For the entries that follow, produce an exact copy with no pictures in it.
+++
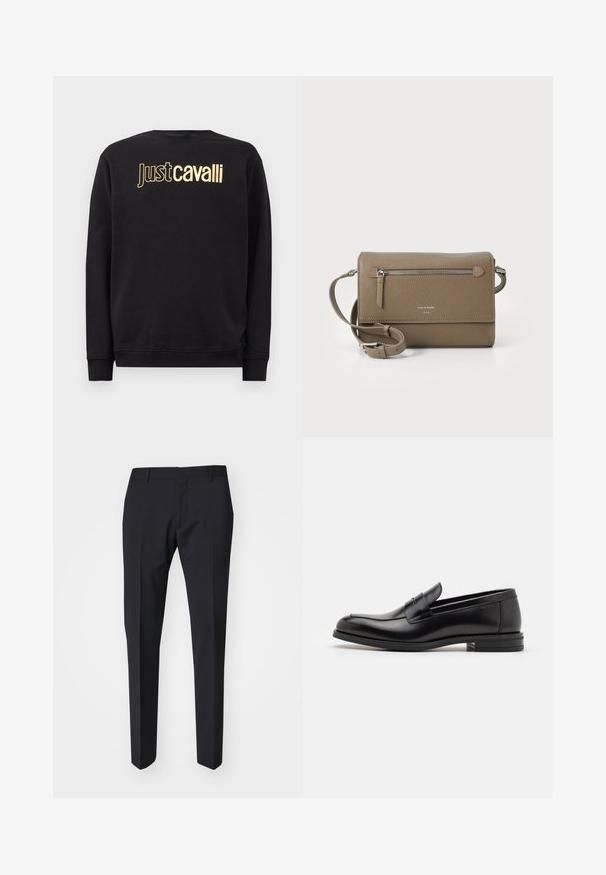 Black long-sleeve sweatshirt with gold "Just cavalli" logo text across the chest, featuring ribbed cuffs and hem.; Dark navy trousers with a slim fit. Made from smooth, textured fabric, featuring a flat front, belt loops, and side pockets.; Black leather loafers with a smooth texture, rounded toe, and a decorative strap across the vamp. Low stacked heel, minimalist design.; Taupe leather crossbody bag with a zippered front pocket, adjustable strap, pebble texture, and embossed logo on the front.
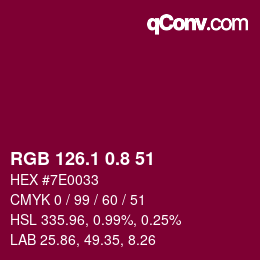 カラーコード: RGB 126.1 0.8 51 | qconv.com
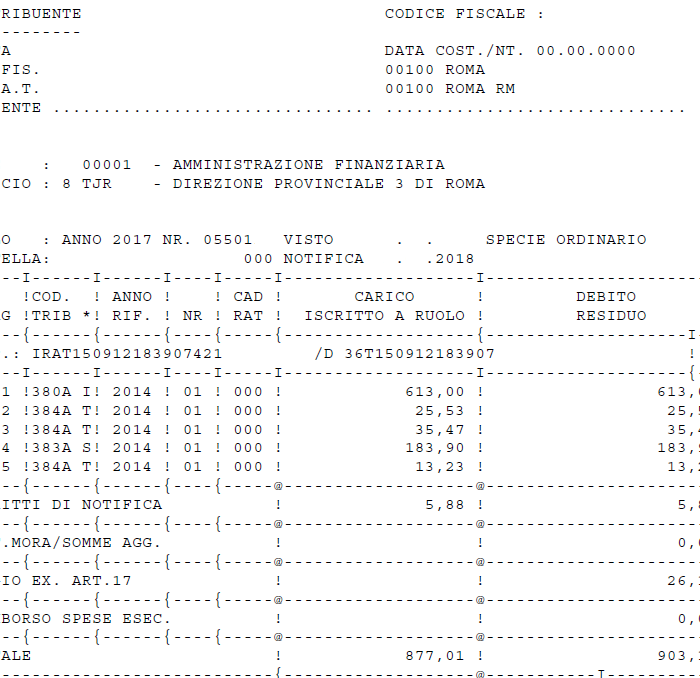 Richiesta Estratti a Ruolo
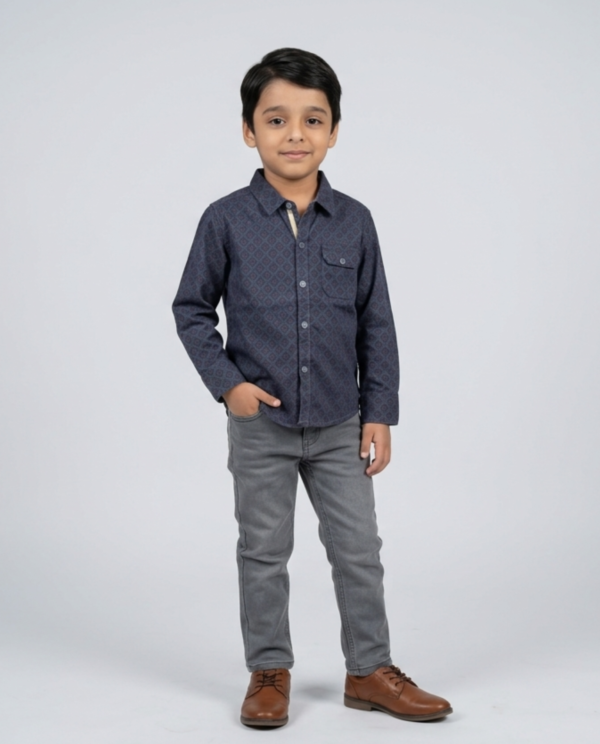 Casual Printed Shirt - Dark Green
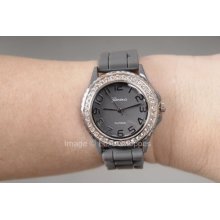 Geneva Platinum CZ Bezel Silicone Watch - Large Gray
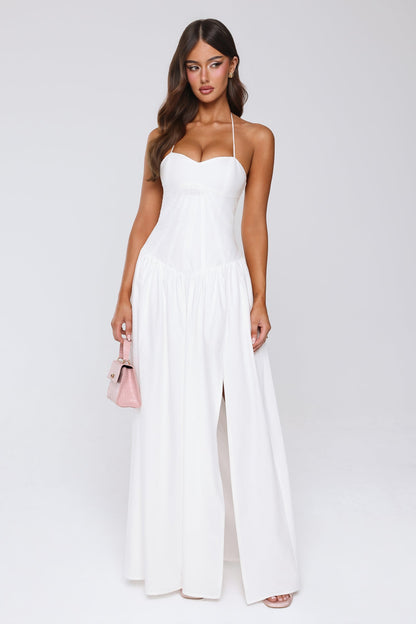 Country Lane Halter Maxi Dress White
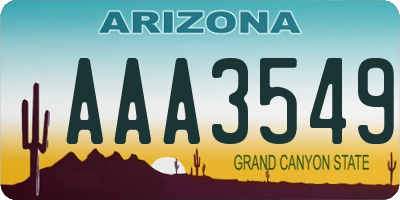 AZ license plate AAA3549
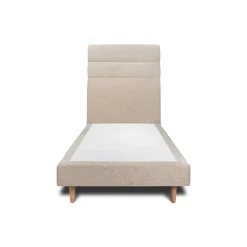 Lit avec tête de lit lignes tissu et sommier tapissier - Lit en bois massif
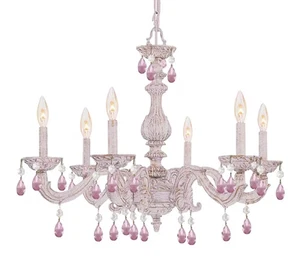 Crystorama 5036-AW-RO-MWP Sutton 6-Light Hand Cut Crystal Chandelier - Picture 1 of 2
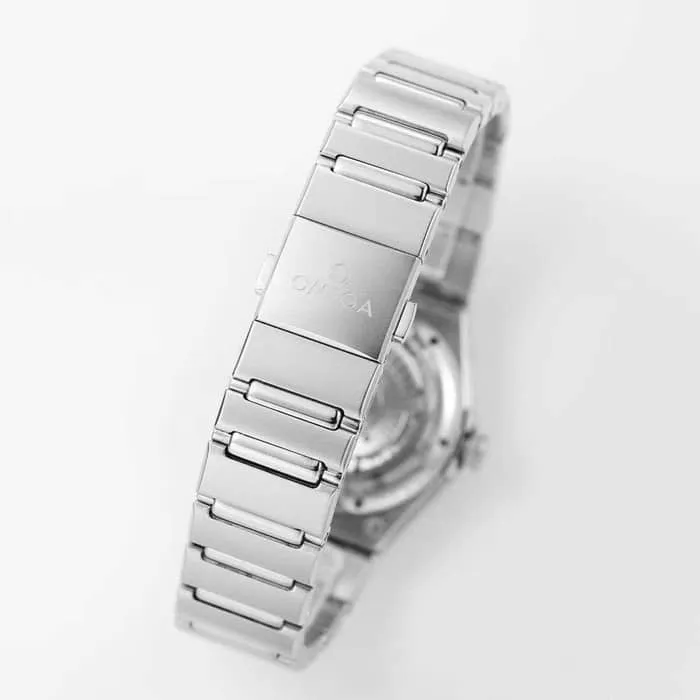 Top collectible watches Omega Women's White Plate Constellation Steel Strap Watch Details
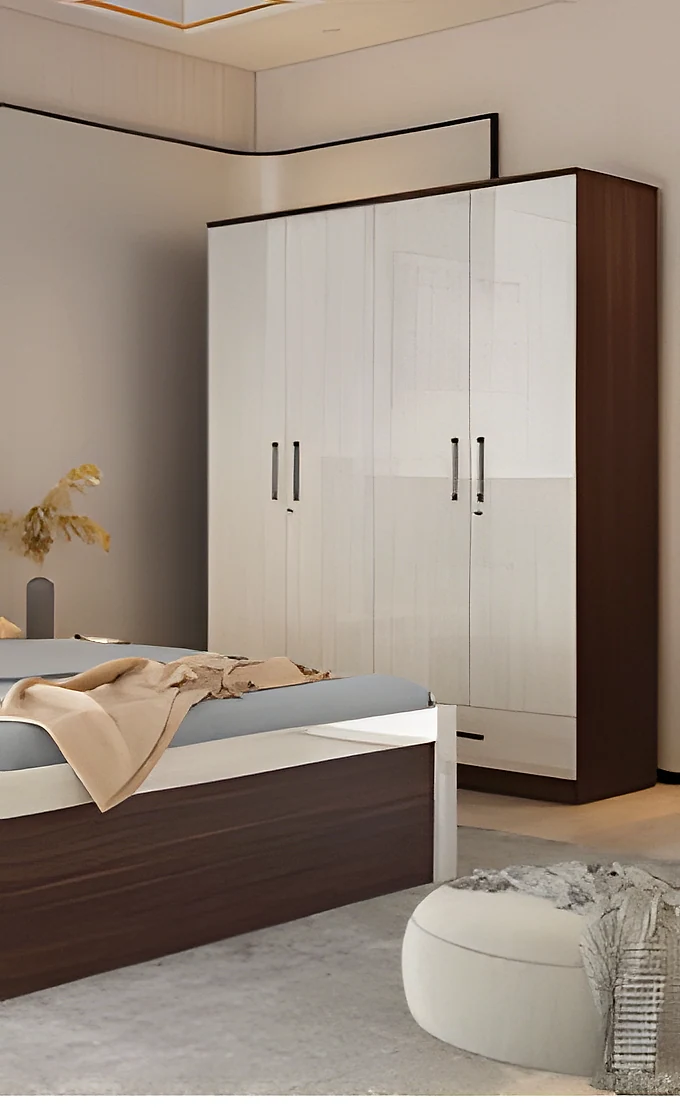 Oyster 4 Door Wardrobe with 2 External Drawer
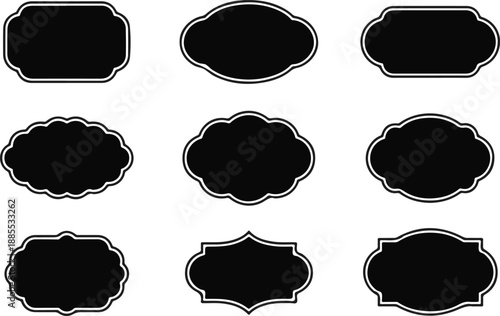 Nine Decorative Black Labels With White Outline On White Background
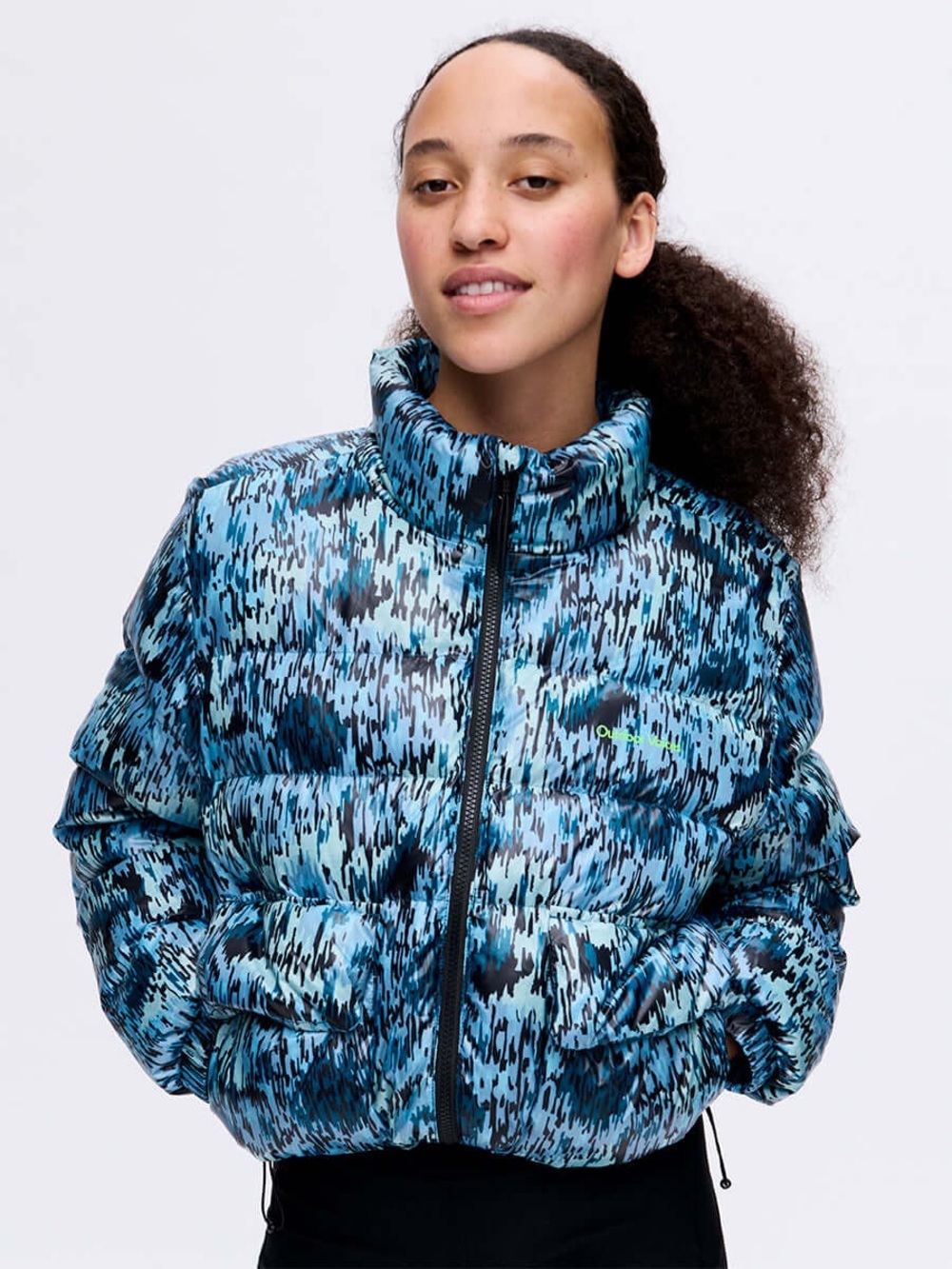 Outdoor Voices Blue Patterned Cropped Puffer Jacket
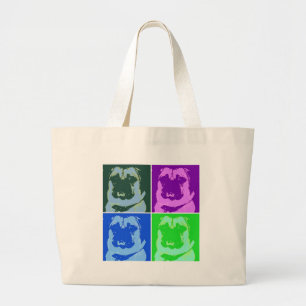 Pop Art Pug Large Tote Bag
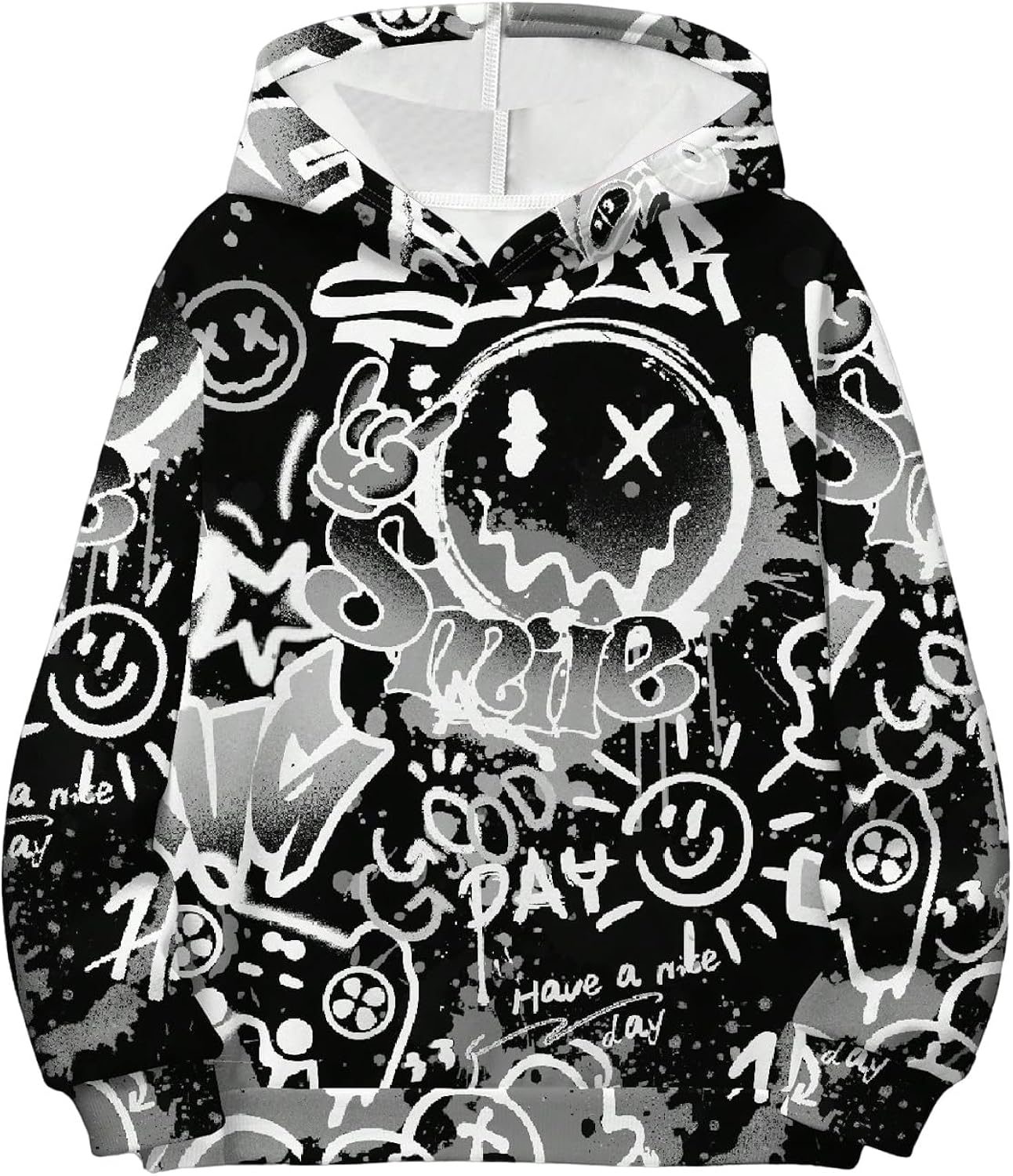 Boy's Graphic Hoodie Cartoon Print Long Sleeve Hooded Sweatshirt Loose Pullover Tops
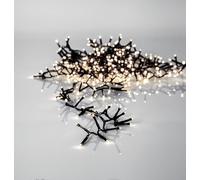 Eglo Outdoor Light Chain Crispy Ice White, Christmas Garden Lighting, LED Chain, Black Plastic, Transparent Plastic, Warm White, IP44, 2500 cm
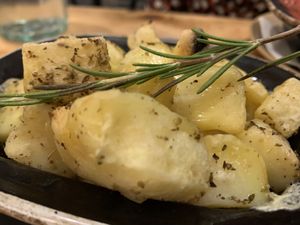 Garlic potatoes  at Purezza in Bristol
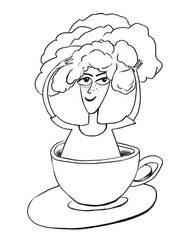 Character design hair made from cappuccino milk foam.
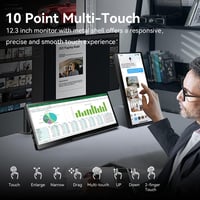 Prechen 12.3" hordozható érintőképernyős monitor 1920x720 IPS, összecsukható állvánnyal és hangszóróval 2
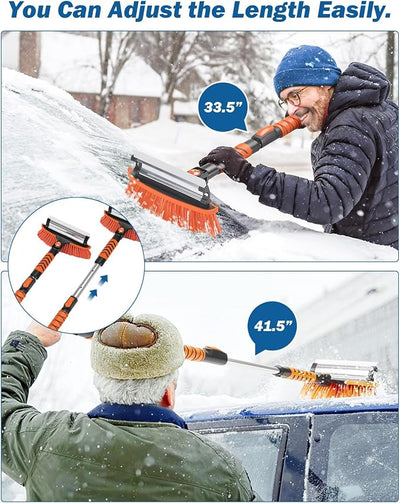 JOYTUTUS 41.5IN Extendable Snow Brush and Ice Scraper, 270°Pivoting Snow Scraper Brush for Car Windshield, Telescoping Ice Scraper, Foam Grip, Heavy Duty Snow Remover for Cars, Trucks, SUV (Orange)
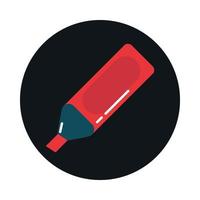 bloco de cor do marcador de suprimentos para educação escolar e ícone de estilo simples vetor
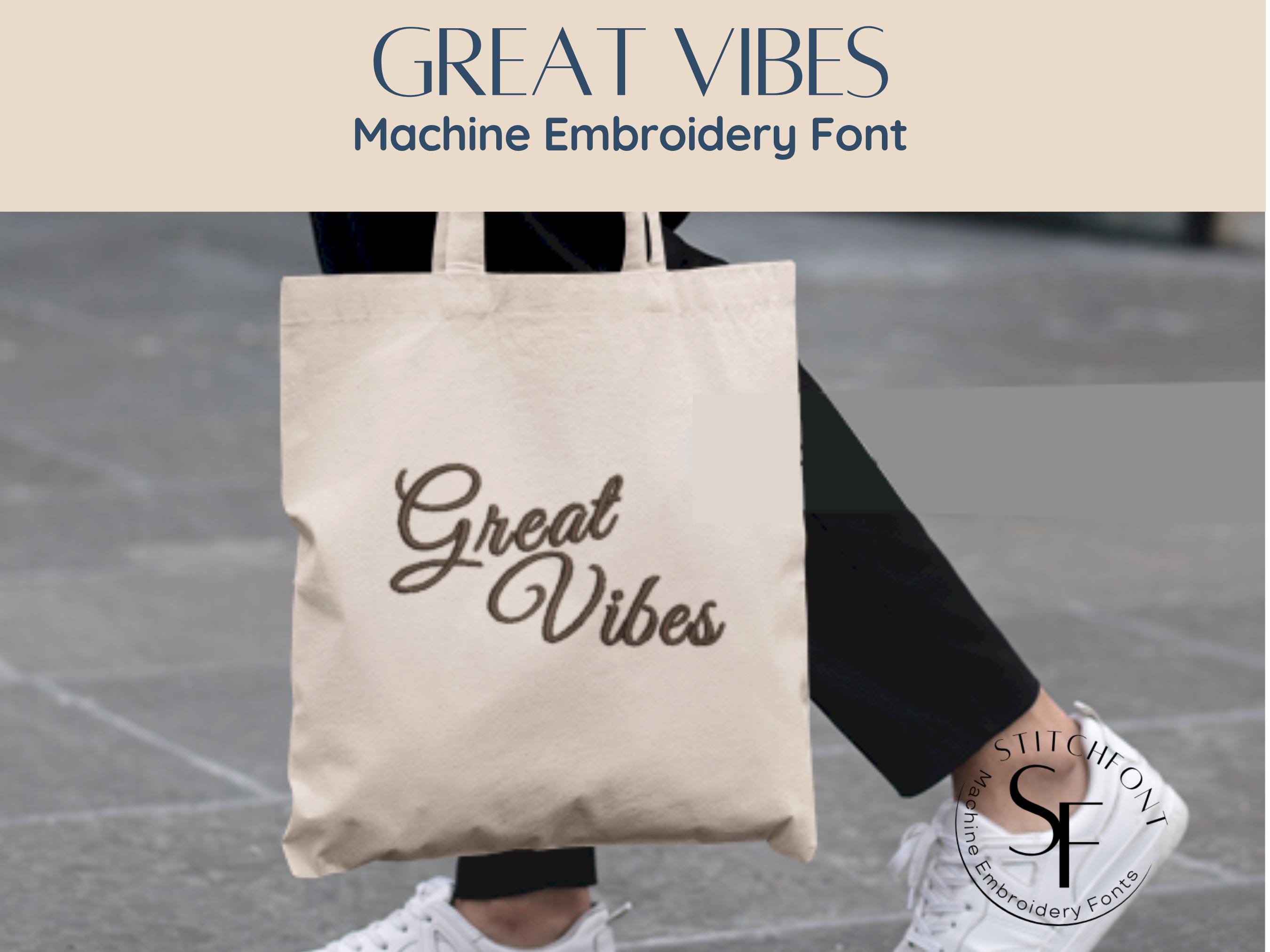 Machine Embroidery Satin Stitch Font  - Great Vibes - 3 sizes - 8 formats - Instant Download - StitchFont Monogram Personalisation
+++
**Exercise solution**
 Black long-sleeve sweatshirt with gold "Just cavalli" logo text across the chest, featuring ribbed cuffs and hem.; Dark navy trousers with a slim fit. Made from smooth, textured fabric, featuring a flat front, belt loops, and side pockets.; Black leather loafers with a smooth texture, rounded toe, and a decorative strap across the vamp. Low stacked heel, minimalist design.; Taupe leather crossbody bag with a zippered front pocket, adjustable strap, pebble texture, and embossed logo on the front.
 カラーコード: RGB 126.1 0.8 51 | qconv.com
 Richiesta Estratti a Ruolo
 Casual Printed Shirt - Dark Green
 Geneva Platinum CZ Bezel Silicone Watch - Large Gray
 Country Lane Halter Maxi Dress White
 AZ license plate AAA3549
 Lit avec tête de lit lignes tissu et sommier tapissier - Lit en bois massif
 Crystorama 5036-AW-RO-MWP Sutton 6-Light Hand Cut Crystal Chandelier - Picture 1 of 2
 Top collectible watches Omega Women's White Plate Constellation Steel Strap Watch Details
 Oyster 4 Door Wardrobe with 2 External Drawer
 Nine Decorative Black Labels With White Outline On White Background
 Outdoor Voices Blue Patterned Cropped Puffer Jacket
 Pop Art Pug Large Tote Bag
 Boy's Graphic Hoodie Cartoon Print Long Sleeve Hooded Sweatshirt Loose Pullover Tops
 Eglo Outdoor Light Chain Crispy Ice White, Christmas Garden Lighting, LED Chain, Black Plastic, Transparent Plastic, Warm White, IP44, 2500 cm
 Garlic potatoes  at Purezza in Bristol
 Character design hair made from cappuccino milk foam.
 Prechen 12.3" hordozható érintőképernyős monitor 1920x720 IPS, összecsukható állvánnyal és hangszóróval 2
 JOYTUTUS 41.5IN Extendable Snow Brush and Ice Scraper, 270°Pivoting Snow Scraper Brush for Car Windshield, Telescoping Ice Scraper, Foam Grip, Heavy Duty Snow Remover for Cars, Trucks, SUV (Orange)
 bloco de cor do marcador de suprimentos para educação escolar e ícone de estilo simples vetor
 Machine Embroidery Satin Stitch Font  - Great Vibes - 3 sizes - 8 formats - Instant Download - StitchFont Monogram Personalisation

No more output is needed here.